TRIBUNE. L’opposition s’enlise. Ne nous le cachons pas. Elle est sans solutions 4 ans après le grand espoir de 2016. Le régime, dictatorial, qui est un des moins ouverts au monde, des plus anciens en plus d’être tribaliste, kleptocratique et violent s’est enraciné et s’apprête à se signer une nouvelle prolongation sans que nous n’ayons le moindre accroc à leur opposer.
Certains se déclarent candidats à la prochaine élection présidentielle mais ils ont déjà annoncé en même temps les conditions de leur reddition, comme si c’était juste pour mieux vendre leur capital sympathie.
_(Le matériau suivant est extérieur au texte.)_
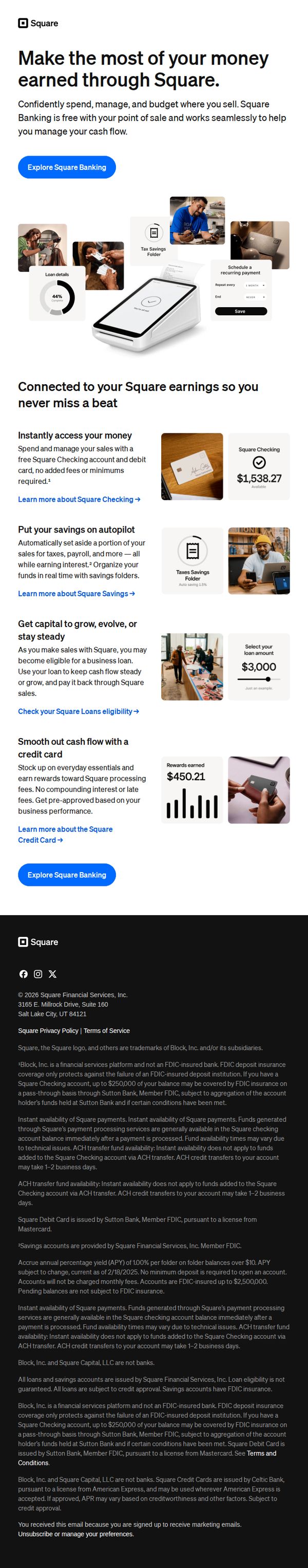 10. Free Banking tools that flex with your business.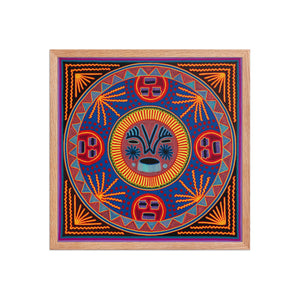 Huichol Yarn Painting Print • L - 182 - Huichol Arts
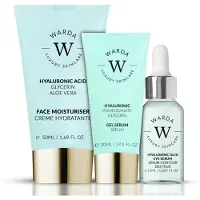 Warda Luxury skincare Skin Hydration Boost Hyaluronic Acid Moisturiser Face Set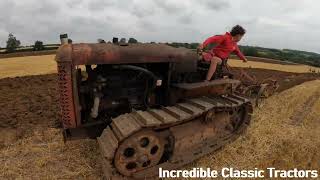 1948 Cletrac BD 49 Litre 6Cyl Diesel Crawler Tractor 53 HP with 3 Furrow Plough [upl. by Nytram]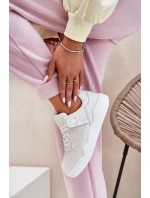 Dámské sportovní tenisky z eko kůže – bílé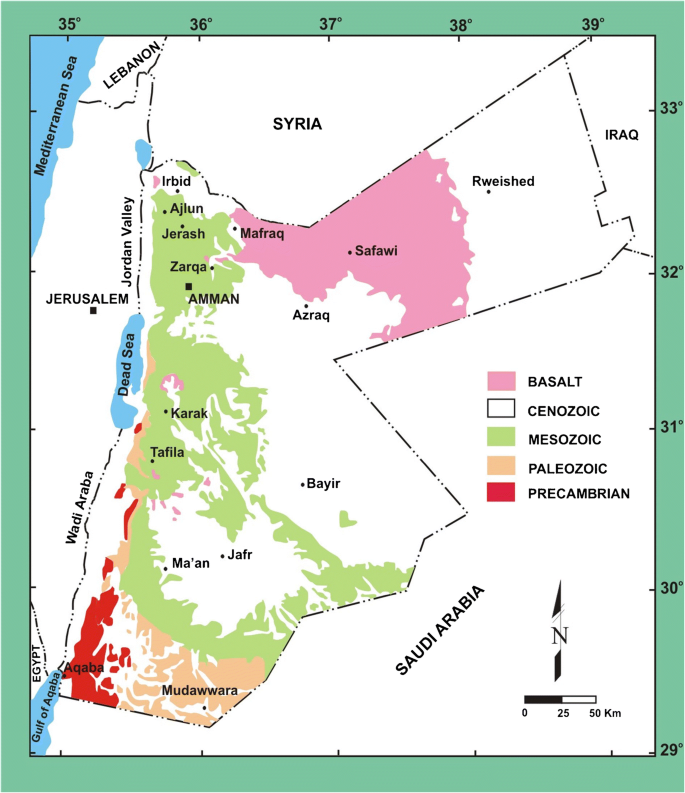 Industrial rocks and minerals of Jordan: a review | SpringerLink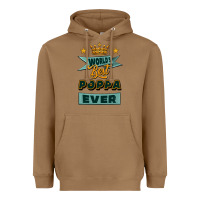 Toasted Coconut world's best poppa ever Heavyweight Hoodie - Jasminsmagicworld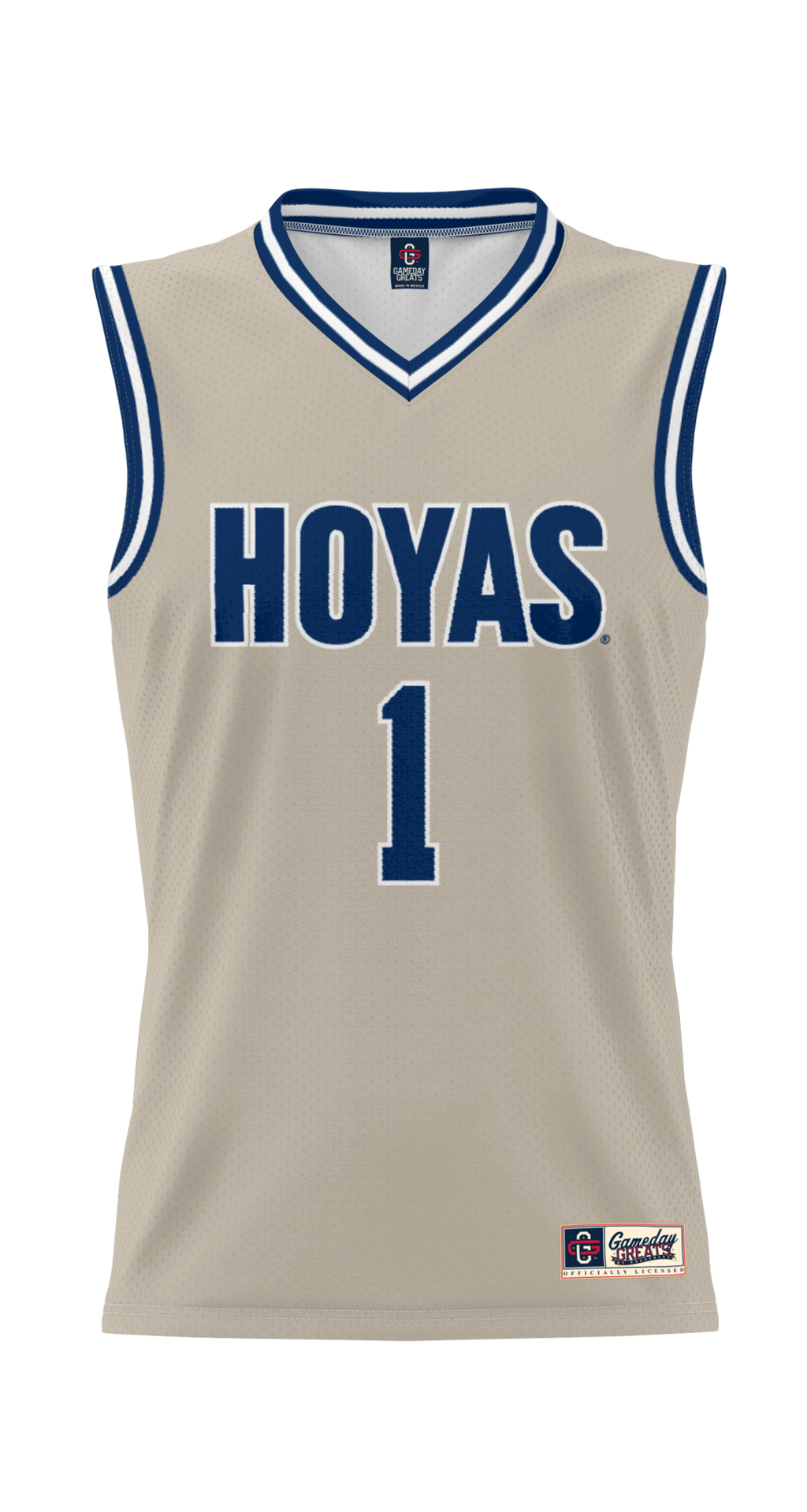 #1 Georgetown Hoyas Lightweight Basketball Jersey - Gray product image 3
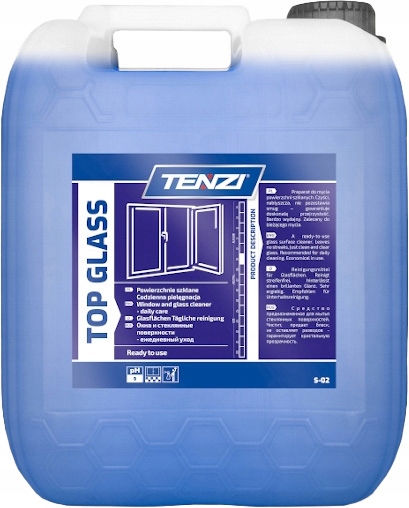 Levně Tenzi Top Glass Čistič okenních skel Prostředek na rámy zrcadel ze skla 10 l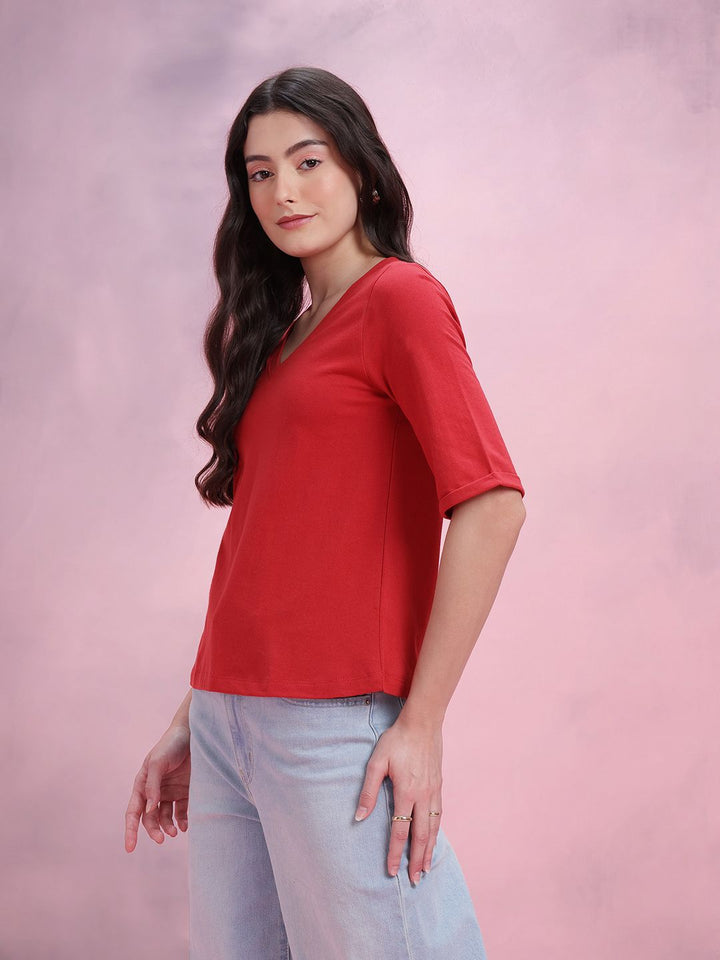 DressBerry V-Neck Regular Fit T-shirt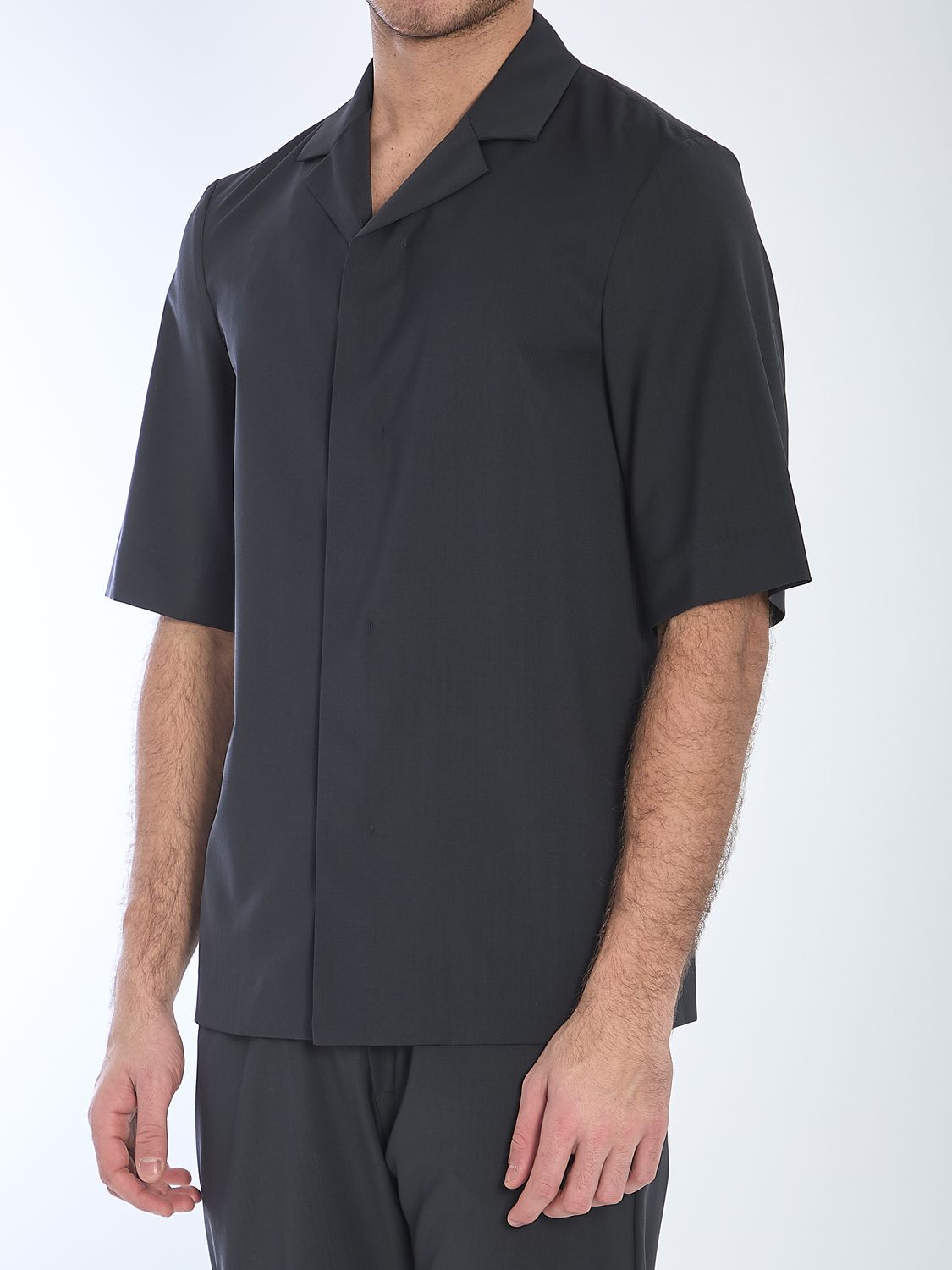 BARENA Men's Tropical Short-Sleeved Shirt - Regular Fit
D’autres ont déclaré forfait d’office, en appelant à la prolongation du mandat de Sassou Nguesso…. sans élection. Ne rions pas. Le plus souvent c’est dans des appels désespérés à un improbable dialogue demandé depuis 4 ans que l’on espère prendre le pouvoir à Sassou comme à la conférence nationale souveraine alors qu’il a déjà rejeté cette hypothèse – et toutes les précédentes d’ailleurs – et que nous n’avons aucun moyen de lui imposer nos vues sauf qu’à en appeler « au cœur de gentil » de celui que nous qualifions nous-mêmes « de chef des méchants ». A se demander si nous croyons à nos propres dires.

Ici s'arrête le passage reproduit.